苦戦するなっぴ
「いくわよ、『バイオレット・キュー』セット・アップ」
なっぴは左肩に手のひらをかざして『バイオレット・キュー』を取り出した。
「お前には、俺の技はもったいないわ」
『ピッカー』は襟元の剛毛を毒針に変形させて、なっぴに放った。
「気をつけてなっぴ、それは猛毒の針よ」
「任せて、『レッド・ジャイロ・スパイラル』!」
彼女は、キューを回転させ、前方の毒針をはじき飛ばしながら、上空の竹とんぼを再び呼び戻した。それは回転を続けながら、猛スピードでキューに取り込まれていった。その回転の渦で『ピッカー』の毒針は、全てたたき落とされていった。
「巧い!なっぴ」
由美子が声を上げた。肩の傷はかなり深いが、コマンドスーツは徐々にその傷を塞いでいく。
「ほう、ならばこれはどうだっ!」
『ピッカー』は今度は空に飛び上がる。なっぴは滞空はできないと彼は判断したのだ。そして右腕を巨大な針にかえると一気に突き進んで来た。

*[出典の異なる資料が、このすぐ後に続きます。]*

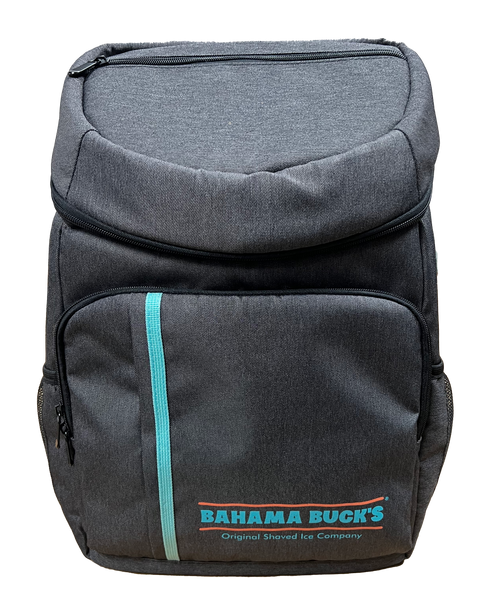 A grey backpack with a teal stripe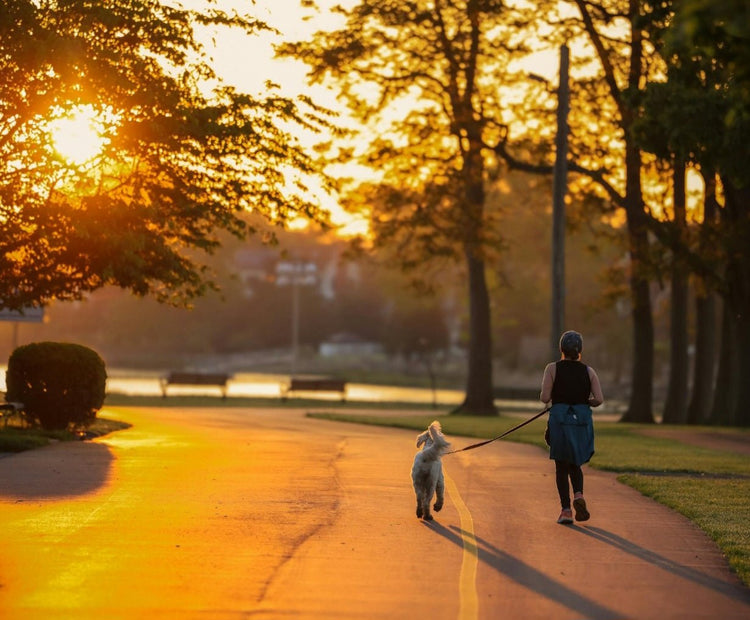 Health and Lifestyle - My Store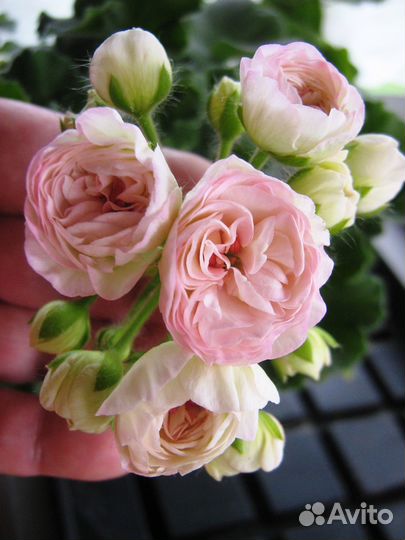 Коллекционные пеларгония юв - Византия юв - Феникс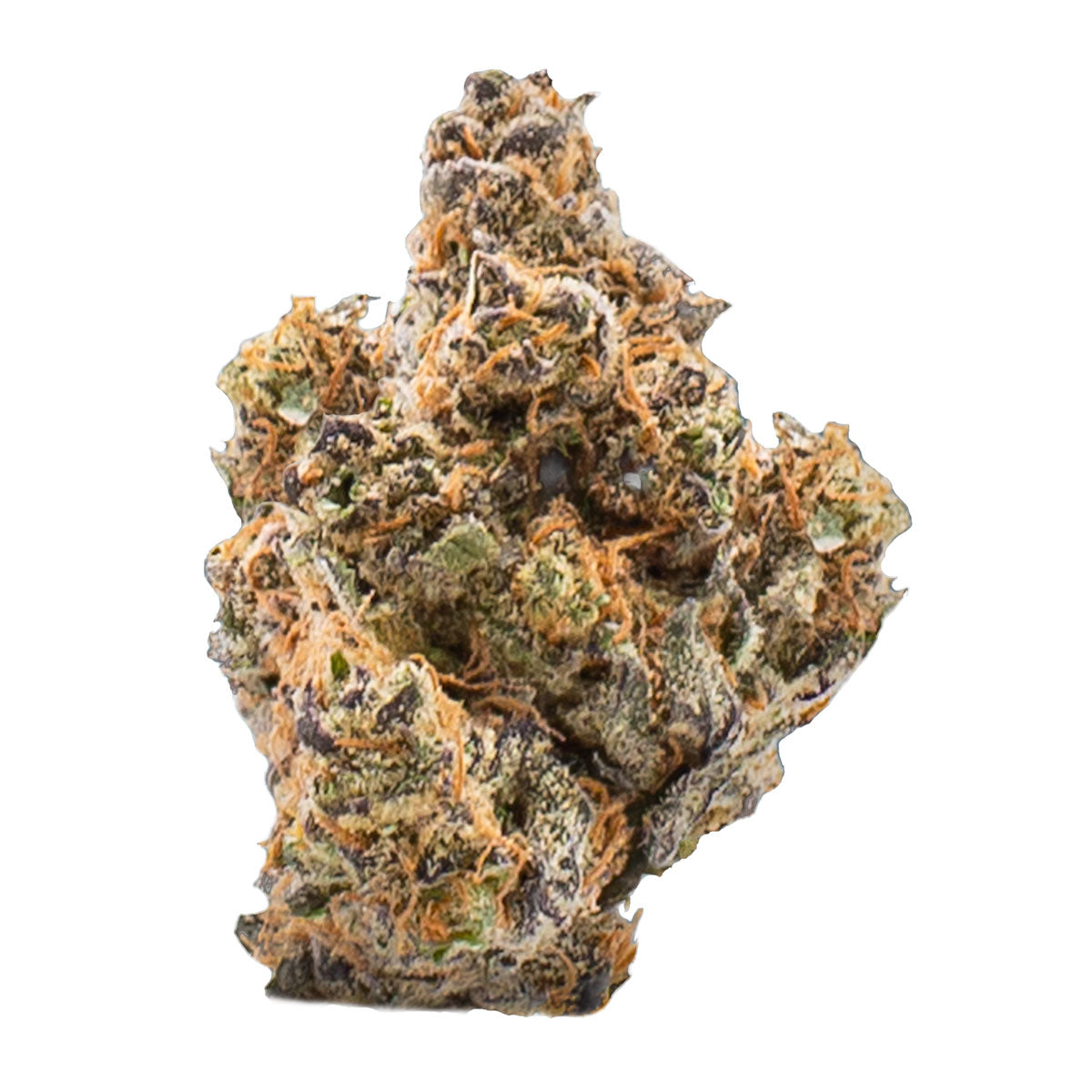 Caribbean Chocolate marijuana strain flower and creative / euphoric effects - Rare Harvest hybrid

「なっぴ、ヤンマを召還、着装しなさい。コマンドは『ヴァイオレット』よ」
「分かった、でもその前にもうひとつ。えいっ」
なっぴは急降下してくる『ピッカー』に青い道具を投げつける。彼は首を傾げてそれをかわす。
「どこを狙っている、フフフッお前、震えているのか」
大きくそれたその飛び道具を『ピッカー』があざ笑った。
「ヤンマ召還、『ヴァイオレット・ウィング』
なっぴは、高速トビヤンマの羽をセット・アップして舞い上がった。
「ほほう、ヤンマを召還したのか。これで互角ってことか」
途中で目標に舞い上がられて、『ピッカー』は腕を組んだまま滞空した。
「いくぞ」
彼はなっぴの寸前で一度上に飛び上がり、右腕を振り下ろした。なっぴはそれをキューで受け止めた。跳ね上がった『ピッカー』の右手が斜めに振り下ろされる。それをかわしたとたん、反転した彼の右腕の針が跳ね上がり、なっぴの長い髪が少しちぎれる。恐ろしい速さの『ピッカー』の連続技だ。
「こっちも行くわよ」
なっぴは担いでいたキューを、勢いよく振りおろした。彼は堅い右の手の甲でそれを止めた。キューが跳ね上がった勢いを利用して、今度は握っていた柄の方を突き出し『ピッカー』ののどを突いた。
「うげっ、こ、こいつ棒術の達人か?」
おかえしにとばかりに連続技を決められ、『ピッカー』は思った。
「今のは、かなりのダメージを与えたでしょ、『テンテン』」
なっぴは、得意そうにコマンダーの中の『テンテン』に話した。
「まだまだ、あいつはかなり強いわ」
「それなら、こいつはどうだ」
『ピッカー』は無数の毒針を発射し、そのすぐ後ろから突撃して来た。まず最初の毒針の幕を払い落とさせて、油断した瞬間にひと突きにする作戦だ。
「この二段作戦で倒せなかったヤツはいない」
彼が思った通り、なっぴは毒針を払うのに精一杯だ。毒針の幕がやっと破れた時、その向こうに突然現れた『ピッカー』の顔が、なっぴを見てにやりと笑った。